Wednesday, July 25, 2007

comfortably numb.

1. i did not and am not using you.
2. i should have done what was best for me and just not cared about anyone else, since misery is the product of both ends.
3. i love you
4. and i love you
5.  i also don't care.
6. high school called, they want their drama back.
7. and i gladly turn it over, i didn't want it in the first place.
8. you can take a horse to water, but you can't make it drink.
9. so drink, drown, or dehydrate.
10.lets get these teen hearts beating, faster, faster.
11. i will not rest until the scale says 150
12. hunger is interesting?
13. this armor will stay up until further notice, don't try to take it down, it won't work.
14. i've taken some steps backwards.
15. i need to pick a college.
16. i need to work on my independent project.
17. august is full of birthdays, i'm excited.
18. tonight is girls night, and saturday is my party.
19. WROO HOO.
20. he doesn't like me, good, i made it that way on purpose.
21. the best part is,  this happened last summer, i'm pretty sure i know how it's going to turn out this summer.
22. i am going to be the one left, alone, friendless, but you know, i guess that's the way life goes.
23. nelly furtado was correct, as she usually is.
24. i'm going to start a revolution, watch me.
25. i hope that swarthmore replies soon.
26. i hate him. and none of you know who i'm talking about.
27. i don't need anyone, or anything, and the more i tell myself this lie, the more truthful it becomes.
28. good night and good luck darling
29. because frankly my dear, i don't give a damn.
30. right now there is beauty in the breakdown
31. and for right now, i will not say a goodbye to arms
32. because i need their metal security
33. something that love will never give.




Thursday, July 19, 2007

need to lose weight.

ahh!! i need to lose 25 more pounds.

i've lost 13 so far. but really, actually no. i would like to get back down to 150. see, if i get much below that people will start coming up to me and asking if i'm anorexic again, and that was NOT cool. i really miss the way i used to look. i was rail thin and ran five miles a day. now i'm just chubby. and no one likes fat chicks. i need to start dancing again, really. running is great and everything, but in comparison to dance it just doesn't do anything. hip-hop burns 800 calories an hour.
[i used to dance three hours a day, at LEAST.]

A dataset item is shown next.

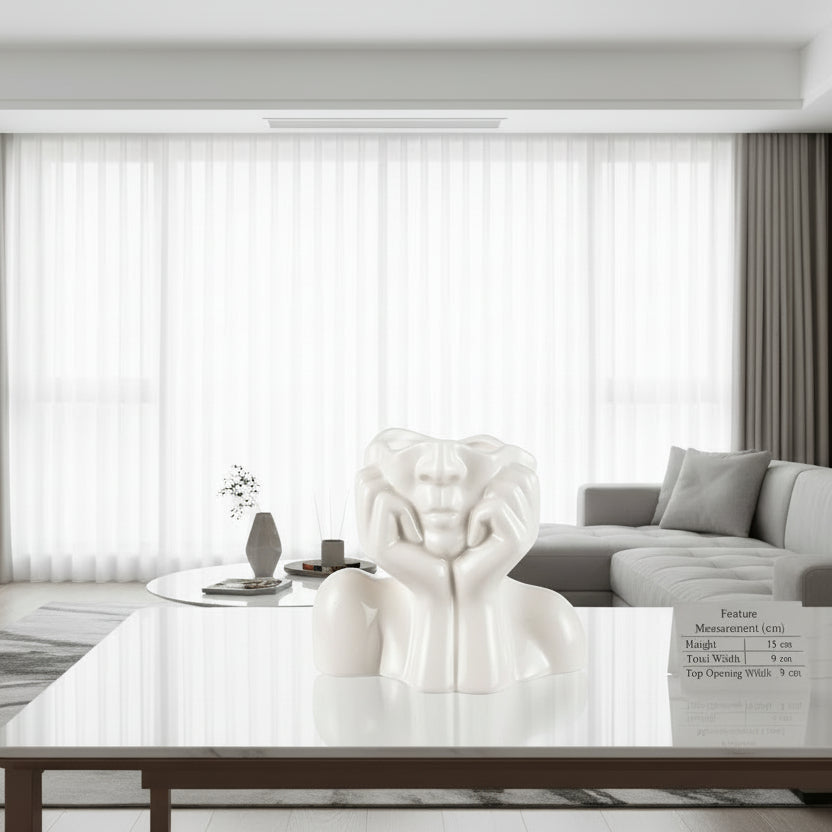 Modern Ceramic Flower Vase Sculpture – Elegant Home Decor Flowerpot for Living Spaces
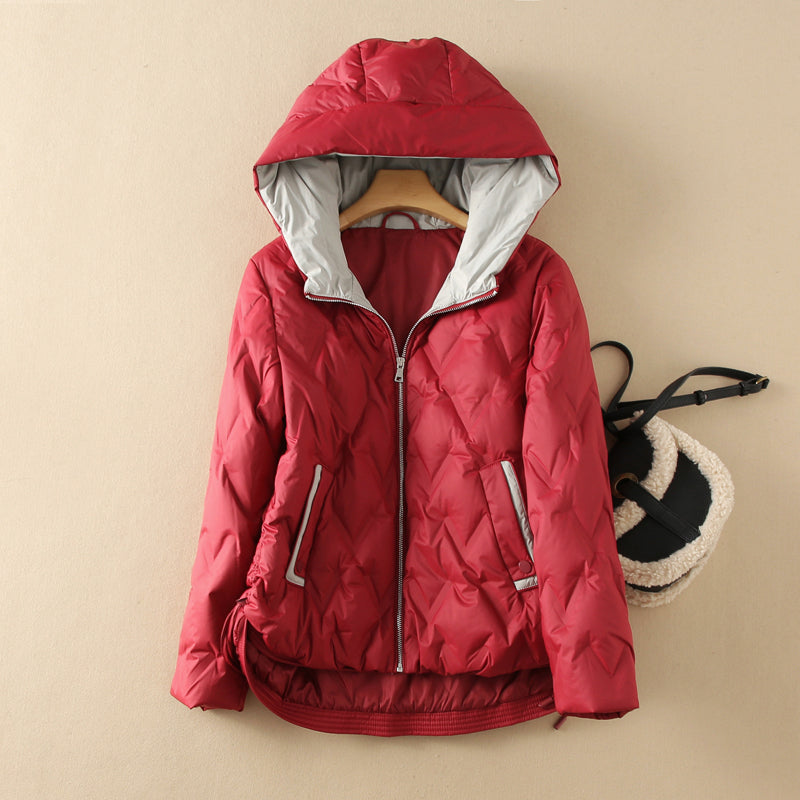 Women's black quilted duck down jacket sleek city-ready silhouette with front zip closure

so, in addition to eating more fruits and vegetables and ignoring meat since it mostly makes me feel sick anyway, i'm going to dance at least 1.5 hours a day.

i would like to wear my size 8 clothes that i was wearing this time last year.
abe will NOT come home to a chubby girl.
my weight gain has also affected my health, ALOT. i'm hormonal and can't seem to have a normal period. therefore i can actually justify my desire to lose weight. it's really in essence for my health.

but i won't obsess like i have been, because that stresses you out, and stress= weight gain......


love

domini

height: 5'7
weight 175
target weight: 150
normal resting weight: 160

someone my frame is supposed to weigh 160-165.  i'm a medium sized athlete, and i'm also obviously african-american. therefore i have slightly different standards than caucasians.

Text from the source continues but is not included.